Terence Davies, le réalisateur souvent salué par les critiques comme l’un des plus grands de Grande-Bretagne, est décédé à l’âge de 77 ans. Le directeur, né à Liverpool, est peut-être mieux connu pour son étude semi-autobiographique de la vie de la classe ouvrière, Distant Voices, Still Lives, avec Pete Postlethwaite. Au moment de sa maladie, il travaillait sur un nouveau projet et avait seulement sorti Benediction il y a deux ans, avec Jack Lowden dans le rôle du poète de guerre Siegfried Sassoon. Davies était admiré pour son approche délicate et sensible de la présentation du drame de la vie réelle, permettant aux acteurs de montrer de petits changements d’émotion.

De nombreux critiques ont noté le style lyrique caractéristique et les thèmes de son film Sunset Song de 2015, basé sur le premier livre d’une trilogie écossaise se déroulant dans les années 1930 et écrit par Lewis Grassic Gibbon. Commentant cette similitude avec son précédent drame familial de Liverpool de 1988, le critique de cinéma Jonathan Romney a écrit : « La désolation et l’extase sont entremêlées pour un effet symphonique. » Les deux films mettent en scène une figure paternelle violente, des ombres du propre père de Davies, décédé lorsqu’il avait sept ans.

En 2000, Davies a adapté Le Temps de l’innocence d’Edith Wharton, nommé aux Bafta, et l’a suivi après huit ans avec Of Time and the City, un documentaire d’archives sur Liverpool. Sa version cinématographique de la pièce intense de Terence Rattigan, The Deep Blue Sea, est sortie en 2011, et en 2016, il a choisi Cynthia Nixon pour jouer Emily Dickinson dans A Quiet Passion.

Il y a deux semaines, Davies a expliqué une partie de sa technique de réalisation lorsqu’il a été interviewé au sujet d’un nouveau court métrage, Passing Time, une vue de trois minutes sur l’Essex. Il a déclaré au site web Film Fest Gent que « la plupart des acteurs, à mon avis, passent beaucoup trop de temps à ‘jouer’. Personne ne veut voir quelqu’un jouer à l’écran. Les acteurs doivent ressentir, ne pas jouer, sinon c’est inauthentique. » Selon lui, la clé était de choisir les bons acteurs : « Je rencontre tout le monde en personne et je sais instinctivement s’ils conviennent pour le rôle ou non. Je repère immédiatement le ‘jeu d’acteur’, puis c’est un poli ‘non, merci’… »

Davies a admis que son projet de faire un film intitulé The Post Office Girl, annoncé en début d’année, avait échoué, mais il avait des espoirs pour un nouveau scénario sur une histoire se déroulant en Jamaïque.

Davies a déclaré l’année dernière depuis sa maison de campagne dans l’Essex qu’il appréciait aussi une blague dans un film. « L’humour est si séduisant », a-t-il déclaré. « Surtout quand il cache la tragédie. »

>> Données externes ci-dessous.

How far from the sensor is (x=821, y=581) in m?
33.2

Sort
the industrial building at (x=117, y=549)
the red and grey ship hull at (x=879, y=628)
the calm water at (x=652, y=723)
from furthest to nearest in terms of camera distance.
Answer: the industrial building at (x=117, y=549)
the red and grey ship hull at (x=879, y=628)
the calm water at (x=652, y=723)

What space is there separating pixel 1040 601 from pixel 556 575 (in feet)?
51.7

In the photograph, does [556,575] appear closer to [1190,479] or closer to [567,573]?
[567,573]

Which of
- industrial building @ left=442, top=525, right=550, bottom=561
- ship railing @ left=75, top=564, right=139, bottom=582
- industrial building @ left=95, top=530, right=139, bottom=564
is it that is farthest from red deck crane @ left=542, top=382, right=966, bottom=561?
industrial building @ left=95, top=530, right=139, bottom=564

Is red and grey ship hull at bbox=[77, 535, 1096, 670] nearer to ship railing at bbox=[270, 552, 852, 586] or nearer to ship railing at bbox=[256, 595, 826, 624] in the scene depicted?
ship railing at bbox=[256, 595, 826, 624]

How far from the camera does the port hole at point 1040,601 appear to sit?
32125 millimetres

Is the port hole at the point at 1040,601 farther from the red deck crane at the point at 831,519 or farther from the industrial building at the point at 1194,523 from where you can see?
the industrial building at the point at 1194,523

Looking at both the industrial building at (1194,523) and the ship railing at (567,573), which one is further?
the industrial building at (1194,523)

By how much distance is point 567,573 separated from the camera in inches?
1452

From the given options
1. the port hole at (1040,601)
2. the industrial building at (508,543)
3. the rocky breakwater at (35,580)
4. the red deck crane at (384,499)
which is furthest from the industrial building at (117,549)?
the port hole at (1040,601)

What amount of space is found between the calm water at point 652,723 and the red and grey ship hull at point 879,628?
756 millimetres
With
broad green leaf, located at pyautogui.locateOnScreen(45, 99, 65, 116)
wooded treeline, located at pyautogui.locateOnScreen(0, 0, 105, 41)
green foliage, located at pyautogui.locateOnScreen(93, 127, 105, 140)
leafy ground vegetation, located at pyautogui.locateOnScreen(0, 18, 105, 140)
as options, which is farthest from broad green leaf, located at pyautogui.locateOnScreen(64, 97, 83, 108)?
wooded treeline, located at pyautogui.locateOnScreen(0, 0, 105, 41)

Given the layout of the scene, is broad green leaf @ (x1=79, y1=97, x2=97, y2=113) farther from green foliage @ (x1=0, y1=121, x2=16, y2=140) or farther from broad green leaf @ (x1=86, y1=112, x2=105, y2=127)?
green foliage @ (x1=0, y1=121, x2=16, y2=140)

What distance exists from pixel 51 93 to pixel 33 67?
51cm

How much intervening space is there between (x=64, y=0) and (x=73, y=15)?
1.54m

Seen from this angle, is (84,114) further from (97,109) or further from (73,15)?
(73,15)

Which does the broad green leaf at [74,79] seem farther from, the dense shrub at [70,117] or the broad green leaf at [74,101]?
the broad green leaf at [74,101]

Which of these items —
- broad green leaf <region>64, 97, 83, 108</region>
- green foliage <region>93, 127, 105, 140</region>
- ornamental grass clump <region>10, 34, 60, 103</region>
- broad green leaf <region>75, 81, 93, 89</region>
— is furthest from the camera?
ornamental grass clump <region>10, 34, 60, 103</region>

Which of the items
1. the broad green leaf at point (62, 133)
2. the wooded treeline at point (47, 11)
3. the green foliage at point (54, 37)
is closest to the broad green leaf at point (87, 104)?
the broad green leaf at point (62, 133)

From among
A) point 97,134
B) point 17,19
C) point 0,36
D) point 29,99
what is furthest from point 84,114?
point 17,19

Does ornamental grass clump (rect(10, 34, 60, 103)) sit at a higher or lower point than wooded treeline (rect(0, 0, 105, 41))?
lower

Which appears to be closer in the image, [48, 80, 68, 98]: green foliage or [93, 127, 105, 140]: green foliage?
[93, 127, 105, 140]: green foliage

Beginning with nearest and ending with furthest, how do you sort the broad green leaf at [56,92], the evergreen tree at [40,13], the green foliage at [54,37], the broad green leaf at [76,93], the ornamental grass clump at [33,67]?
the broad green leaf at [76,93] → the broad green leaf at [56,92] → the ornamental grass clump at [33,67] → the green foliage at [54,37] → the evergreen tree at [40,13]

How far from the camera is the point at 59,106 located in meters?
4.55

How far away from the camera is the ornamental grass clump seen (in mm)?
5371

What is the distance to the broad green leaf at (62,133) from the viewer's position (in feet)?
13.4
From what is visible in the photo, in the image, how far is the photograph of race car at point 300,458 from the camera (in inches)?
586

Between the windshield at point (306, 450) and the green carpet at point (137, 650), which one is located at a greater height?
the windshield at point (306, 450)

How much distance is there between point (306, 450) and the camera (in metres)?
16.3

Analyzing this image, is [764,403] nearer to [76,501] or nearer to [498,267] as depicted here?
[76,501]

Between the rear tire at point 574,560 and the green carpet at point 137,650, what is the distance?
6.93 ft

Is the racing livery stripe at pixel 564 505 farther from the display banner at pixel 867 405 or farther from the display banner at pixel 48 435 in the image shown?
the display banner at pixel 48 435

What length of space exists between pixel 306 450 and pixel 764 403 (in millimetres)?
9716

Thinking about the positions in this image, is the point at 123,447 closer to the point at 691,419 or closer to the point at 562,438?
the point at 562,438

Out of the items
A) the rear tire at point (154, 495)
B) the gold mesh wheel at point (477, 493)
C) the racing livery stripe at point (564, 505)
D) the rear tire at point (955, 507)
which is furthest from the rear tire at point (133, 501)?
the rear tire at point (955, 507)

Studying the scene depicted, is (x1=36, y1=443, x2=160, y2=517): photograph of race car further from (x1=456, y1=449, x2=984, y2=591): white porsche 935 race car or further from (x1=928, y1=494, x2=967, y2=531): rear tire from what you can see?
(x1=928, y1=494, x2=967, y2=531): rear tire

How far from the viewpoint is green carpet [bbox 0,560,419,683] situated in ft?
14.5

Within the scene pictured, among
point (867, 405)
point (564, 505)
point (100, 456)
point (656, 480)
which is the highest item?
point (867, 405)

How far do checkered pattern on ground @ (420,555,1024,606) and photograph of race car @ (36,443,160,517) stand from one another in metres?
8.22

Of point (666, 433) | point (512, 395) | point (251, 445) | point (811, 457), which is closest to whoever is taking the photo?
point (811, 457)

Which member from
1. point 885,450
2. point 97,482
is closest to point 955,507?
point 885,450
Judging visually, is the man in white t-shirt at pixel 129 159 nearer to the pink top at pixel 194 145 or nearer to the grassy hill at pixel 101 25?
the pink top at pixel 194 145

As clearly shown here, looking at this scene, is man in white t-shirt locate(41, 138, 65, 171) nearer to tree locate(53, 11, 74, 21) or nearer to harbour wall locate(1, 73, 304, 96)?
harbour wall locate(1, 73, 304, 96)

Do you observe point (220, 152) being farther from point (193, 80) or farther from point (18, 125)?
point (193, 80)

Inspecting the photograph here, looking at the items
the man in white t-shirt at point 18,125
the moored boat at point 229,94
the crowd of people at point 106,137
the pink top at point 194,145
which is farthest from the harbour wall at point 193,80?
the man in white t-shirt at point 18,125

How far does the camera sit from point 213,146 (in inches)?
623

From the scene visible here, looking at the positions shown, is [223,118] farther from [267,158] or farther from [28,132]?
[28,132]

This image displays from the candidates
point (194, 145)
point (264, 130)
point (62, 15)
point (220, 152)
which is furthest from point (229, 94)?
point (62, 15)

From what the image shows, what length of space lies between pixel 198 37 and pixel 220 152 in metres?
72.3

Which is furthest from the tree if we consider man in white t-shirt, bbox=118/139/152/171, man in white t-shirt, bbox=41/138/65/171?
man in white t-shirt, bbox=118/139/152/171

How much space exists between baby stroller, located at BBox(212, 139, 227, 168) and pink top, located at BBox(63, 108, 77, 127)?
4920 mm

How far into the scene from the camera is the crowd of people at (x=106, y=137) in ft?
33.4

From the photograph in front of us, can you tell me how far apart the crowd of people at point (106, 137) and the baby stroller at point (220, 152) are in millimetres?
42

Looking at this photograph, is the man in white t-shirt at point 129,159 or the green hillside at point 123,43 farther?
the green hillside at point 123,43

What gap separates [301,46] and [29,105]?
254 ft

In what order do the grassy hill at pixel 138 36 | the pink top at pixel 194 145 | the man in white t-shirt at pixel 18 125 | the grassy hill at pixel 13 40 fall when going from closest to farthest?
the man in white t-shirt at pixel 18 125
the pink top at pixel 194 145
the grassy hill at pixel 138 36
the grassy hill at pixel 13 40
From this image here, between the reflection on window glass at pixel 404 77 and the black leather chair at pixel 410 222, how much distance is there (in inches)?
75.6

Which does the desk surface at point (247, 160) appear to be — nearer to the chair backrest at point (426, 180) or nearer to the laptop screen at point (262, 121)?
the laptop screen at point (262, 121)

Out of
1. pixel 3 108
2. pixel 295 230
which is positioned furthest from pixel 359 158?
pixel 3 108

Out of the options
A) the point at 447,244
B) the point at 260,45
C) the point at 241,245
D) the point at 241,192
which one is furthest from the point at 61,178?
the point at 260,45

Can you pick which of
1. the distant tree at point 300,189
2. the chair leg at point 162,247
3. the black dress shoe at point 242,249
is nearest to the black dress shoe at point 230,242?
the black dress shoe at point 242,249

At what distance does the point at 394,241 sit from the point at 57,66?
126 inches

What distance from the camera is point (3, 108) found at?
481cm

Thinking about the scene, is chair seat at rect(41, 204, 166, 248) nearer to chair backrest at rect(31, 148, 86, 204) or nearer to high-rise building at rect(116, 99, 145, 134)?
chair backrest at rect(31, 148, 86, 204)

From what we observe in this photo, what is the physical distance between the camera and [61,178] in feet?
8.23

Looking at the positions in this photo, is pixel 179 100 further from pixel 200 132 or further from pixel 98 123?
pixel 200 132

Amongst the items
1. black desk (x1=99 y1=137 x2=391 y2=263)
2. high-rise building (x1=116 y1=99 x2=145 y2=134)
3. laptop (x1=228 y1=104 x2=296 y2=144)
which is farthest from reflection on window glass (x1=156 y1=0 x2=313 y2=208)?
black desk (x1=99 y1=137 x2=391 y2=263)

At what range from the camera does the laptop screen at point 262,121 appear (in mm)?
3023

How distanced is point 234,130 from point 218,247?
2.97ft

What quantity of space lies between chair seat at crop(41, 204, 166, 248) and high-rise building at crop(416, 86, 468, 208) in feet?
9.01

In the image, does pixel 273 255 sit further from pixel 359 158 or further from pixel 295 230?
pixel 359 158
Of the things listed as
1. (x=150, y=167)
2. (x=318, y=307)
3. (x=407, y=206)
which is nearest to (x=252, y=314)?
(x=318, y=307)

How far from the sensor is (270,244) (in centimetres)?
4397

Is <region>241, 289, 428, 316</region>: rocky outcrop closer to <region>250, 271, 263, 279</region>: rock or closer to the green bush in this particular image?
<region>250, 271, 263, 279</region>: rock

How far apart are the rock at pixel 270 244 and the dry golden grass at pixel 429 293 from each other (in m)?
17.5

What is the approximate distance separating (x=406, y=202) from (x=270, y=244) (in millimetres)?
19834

Il a expliqué qu’il n’avait jamais vécu avec un partenaire, homme ou femme, et qu’il n’avait jamais vraiment eu envie de le faire : « Je ne suis pas très doué pour la vie », a-t-il dit. « À cause de cette histoire d’interaction entre les gens et de ne pas pouvoir interpréter les choses correctement. »

Son manager, John Taylor, a déclaré : « Je suis profondément attristé d’annoncer la mort de Terence Davies, décédé paisiblement chez lui dans son sommeil après une courte maladie, le samedi 7 octobre 2023. Umbra Sumus/ Et si tu le veux bien, souviens-toi/ Et si tu le veux bien, oublie. »

Liste des points importants :
1. Terence Davies, réalisateur britannique acclamé, est décédé à l’âge de 77 ans.
2. Connu pour son film Distant Voices, Still Lives.
3. Son approche délicate du drame de la vie réelle a été très appréciée.
4. A réalisé des adaptations de livres, dont The House of Mirth et The Deep Blue Sea.
5. Était en train de travailler sur un nouveau projet avant sa maladie.
6. A expliqué sa technique de réalisation lors d’une récente interview.
7. Avait des espoirs pour un futur projet se déroulant en Jamaïque.
8. Appréciait l’humour dans les films.
9. N’a jamais vécu avec un partenaire.
10. Son manager a annoncé sa mort et a partagé une citation.